I have an excuse for why I haven’t updated- classes are about to be over, and I had such an awesome weekend that I wanted to do it justice with a real post, not a pansy half post. Real posts, however, take time.
On Friday me and my dive mates went with the uni scuba club up to Tutukaka, up in the bay of Islands region of New Zealand. It was about a 5-6 hour trip up through Auckland. There were green hills and lush grass, as through all of Waikato. We got there and settled into our accommodation, which was a 12 person bunk cabin. We made dinner and went to the local place to watch the rugby game- Waikato Chiefs (yeah!) versus the Wellington Hurricanes. It was the first rugby game I had ever watched, and it was intense. The temperature was about freezing point, so when the teams fought for the ball (the scrum) the steam from them collectively rose as if the field was on fire. These ethereal ghosts wisped away as the plays continued. With 3 or so minutes to go, the Hurricanes had the ball and were only 5 meters or so from scoring, and that score would give them the lead. A fogbank rolled in instantly- within 20 seconds the field went from totally clear to so obscured that the only people who could see the game were the players actually playing it. The cameras couldn’t see anything, nor could the fans. The game was broadcast from a camera on the field. The Chiefs won- they will play in the finals in South Africa for the first time ever.
Saturday we had our first dive. The site we were diving is known as the Poor Knights Islands, and they have an awesome history. Allow me to enlighten you.

The first picture of me diving ever!


In 1823, the Maori chief of the tribe living on the islands decided to join other chiefs and their warriors to fight a war in the Waikato area. The chief and all the warriors left, while the women, children and elderly stayed behind. A slave from a neighboring mainland tribe was able to steal a canoe and escape during this time. He paddled the 22km to the mainland, and alerted his tribe how he had been mistreated, and how easy it would be to take the islands. The tribe attacked the Poor Knights Islands, slaughtering everyone except for the Chief’s wife and son, who were taken into slavery. The chief, upon return, saw the destruction and declared the islands sacred. It has been illegal to touch foot on them ever since. No one has lived there in almost 200 years.
Our first dive of the day was a series of underwater pinnacles (rock columns) called Trevor’s rock. The area was covered in kelp, clear blue water, nudibranchs, scorpionfish, moray eels, and tons of other organisms I won’t bore you with.

We swam under submarine arches, relaxed on the bottom, and had an awesome dive. The second dive of the day was called meditation wall, and I see why- it was colorful, full of life, and totally serene.
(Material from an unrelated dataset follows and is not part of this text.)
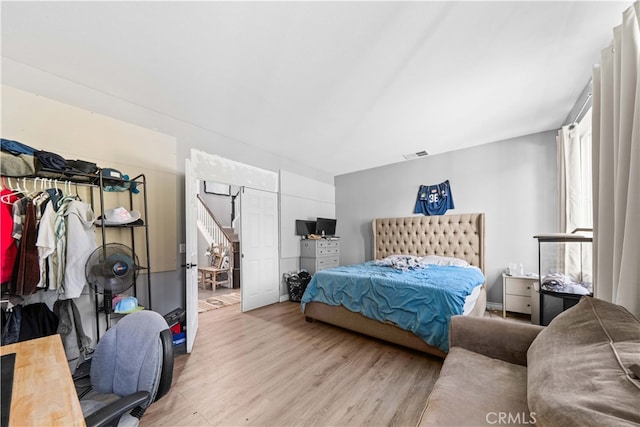 bedroom featuring visible vents and wood finished floors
There was even an undersea cave, but I did not enter- I don’t like overhead environments, and so I won’t dive in them.
Our second dive took us to the best dive spot on the Poor knights, and often considered the best dive in New Zealand- northern arch. The northern arch is an archway that is perhaps 10 meters across at the surface, but once you go underwater a few meters, the arch flares out to become much wider. It was breathtaking, literally. So literally, in fact, that one of our group had to surface without stopping to decompress because he used up air too quickly- as a result, we didn’t get to spend much time in the arch at all. It was astounding what I did see, however.

Our last dive was called Ann’s rock, and it was another undersea pinnacle. This time, we descended to 18 meters (60 feet) and began a spiral ascent, seeing everything that grew on the walls of the pinnacle. It is here that I, for the first time ever, got to handle an underwater video camera. The following is what you would have seen if you were me on Ann’s rock.
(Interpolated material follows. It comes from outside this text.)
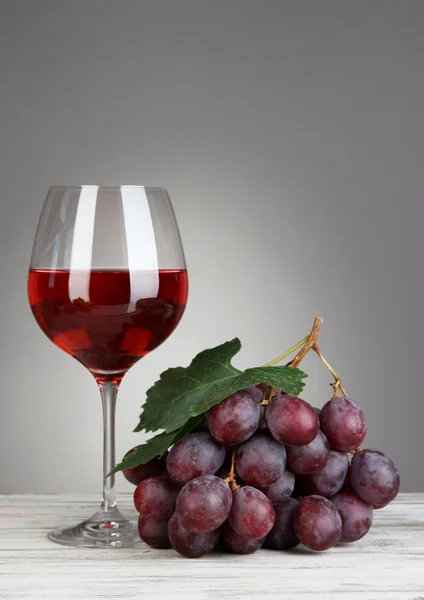 Uvas maduras deliciosas com copo de vinho na mesa em fundo cinza — Fotografia de Stock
In some of the shots the fish look as if they are moving down and the entire shot looks like it is on its side, but it is not. Ann's Rock is an almost vertical surface, but it looks horizontal. The shots of nothing but blue are looking straight down- we couldn't see the ocean floor.

After the 4th dive, we visited Riko Riko cave, the largest sea cave in the world, at 8 million cubic feet. The boat easily fit inside the cave. It receives almost no direct sunlight- all light is reflected from the water into the cave, resulting in ferns that grow and hang from the ceilings. The water is crystal blue, the cave walls are every color of the rainbow, and they are filled with glowworms. Bands have played here, Maori have done haka here, Japanese submarines have repaired here, even a man brought submersible speakers here and played music- just to watch the dolphins come in and swim to it. The acoustics are fantastic. I want to be there now instead of writing this.




The cave photos were taken by me. The undersea photography was done by Brice (AKA Frenchie), my dive buddy. The underwater video was all my work.

Needless to say, the trip was… unforgettable.

Sunday night we made dinner and called it an early night. We got up at 5 or 6 am on Monday to make the half day trek back to Hamilton. When we returned we got unpacked and I went to class. The leaves falling and the scent of autumn in the air, combined with my supreme feeling of rightness, reminded me of when I was at NCSSM junior year, when all felt right. I love that sensation- it makes me strangely and happily nostalgic. Monday carried this feeling with it.

Tuesday was another good day- I got my photography assignment back, and I was given an A+. I worked long nights, weekends and lunch periods in the chemical soaked darkroom to get these assignments and shots exactly how I wanted them. I sacrificed time with friends and sleep to make them perfect. I wanted that A+, and I totally earned it. I felt like I was walking on air when I left that class. The rest of Tuesday was good as well.

Wednesday was filled with work, but not much else. Thursday was also filled with assignments and labs, and also was the day I took my SCUBA rescue diver certification test. I needed an 88 to pass, and luckily soared on by with a 92. All I need to do now is fill out some paperwork and get my first aid class in, and I will be golden! We went out to town on Thusrday, and we had a good time dancing- but due to my back acting up, I took off fairly early and went to bed.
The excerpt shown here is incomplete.